Start of Data extract
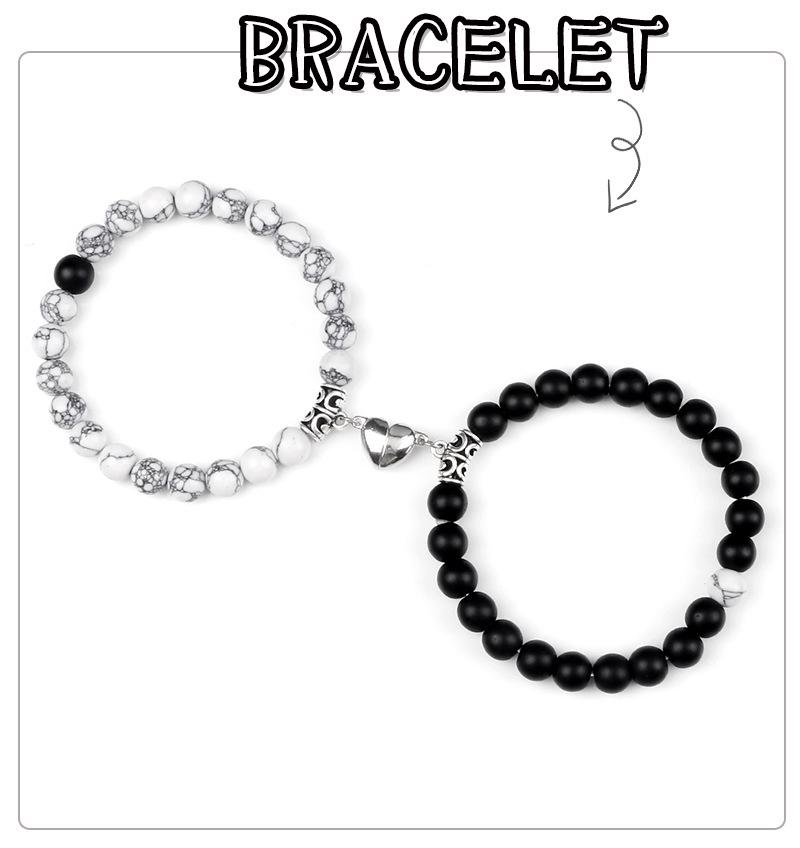 Популярный комплект украшений из 4 предметов: Парный браслет с магнитом из натурального камня и шестиугольное ожерелье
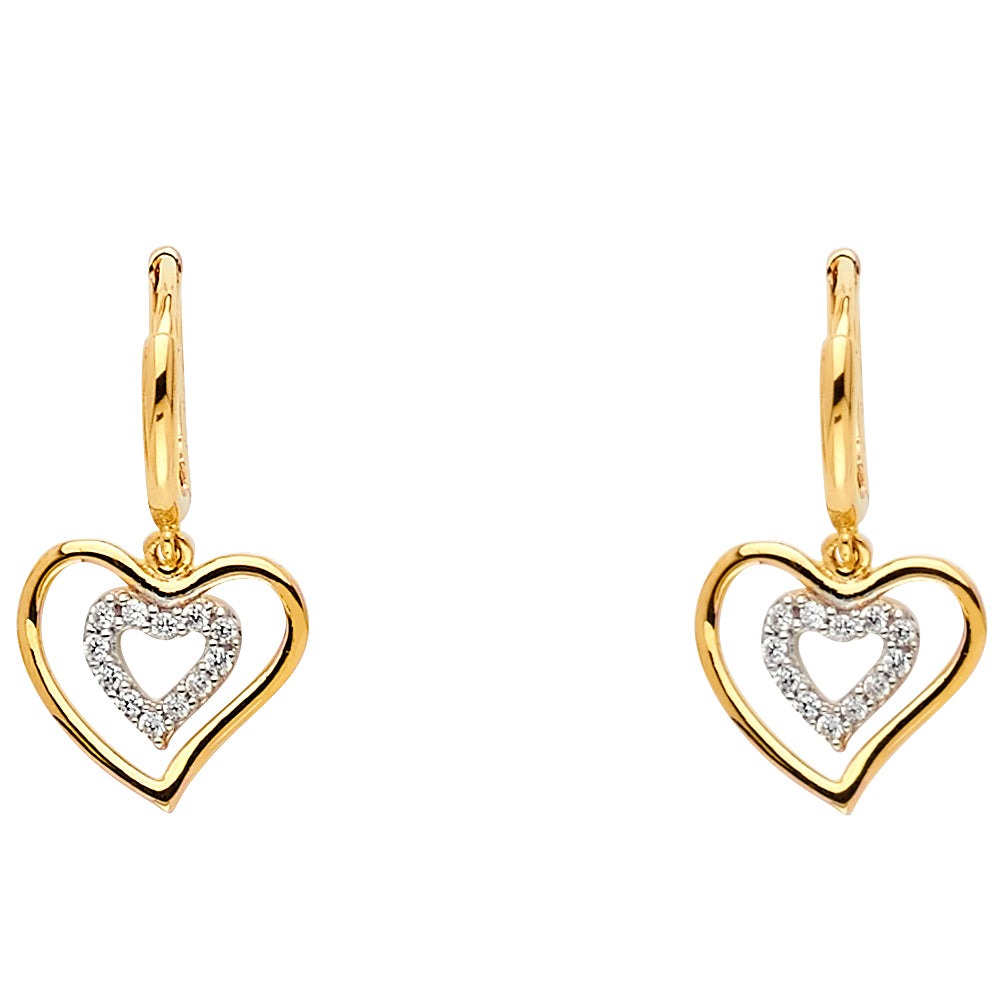 14K Yellow Gold Double Heart CZ Dangle Earrings 1/2" tall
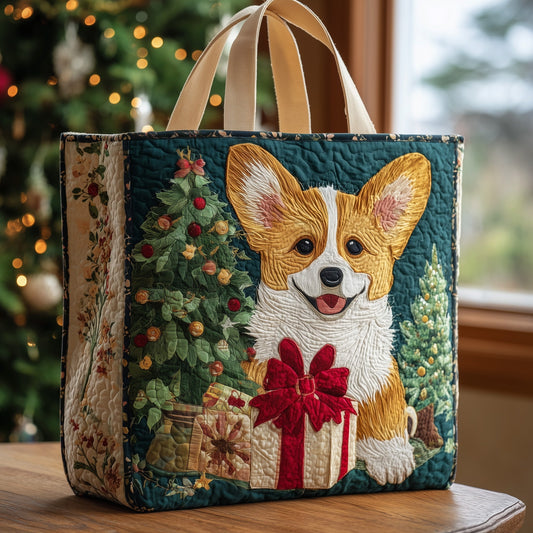 Corgi Dog Christmas Quilted Tote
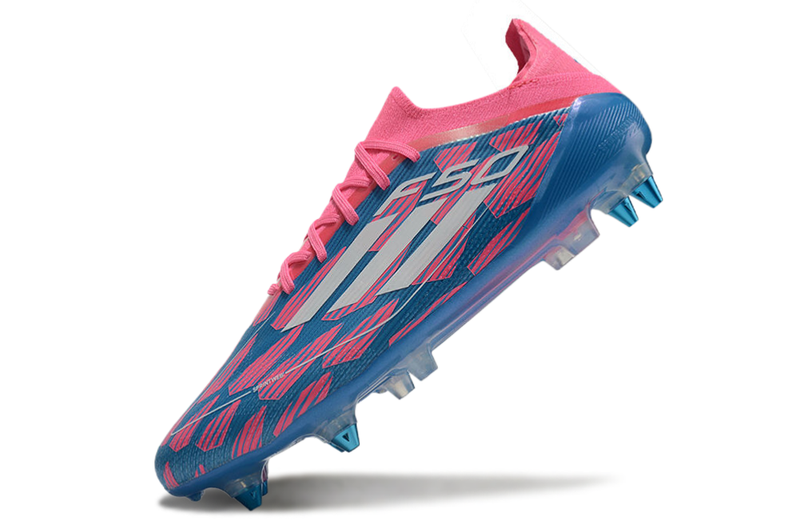 Chuteira Campo Adidas F50 Ponta de Aluminio Azul e Rosa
End of Data extract
- [Exercise brief]: All the lines above should be reproduced exactly, and none of the pictures.

- [Result for this task]:
 Популярный комплект украшений из 4 предметов: Парный браслет с магнитом из натурального камня и шестиугольное ожерелье
 14K Yellow Gold Double Heart CZ Dangle Earrings 1/2" tall
 Corgi Dog Christmas Quilted Tote
 Chuteira Campo Adidas F50 Ponta de Aluminio Azul e Rosa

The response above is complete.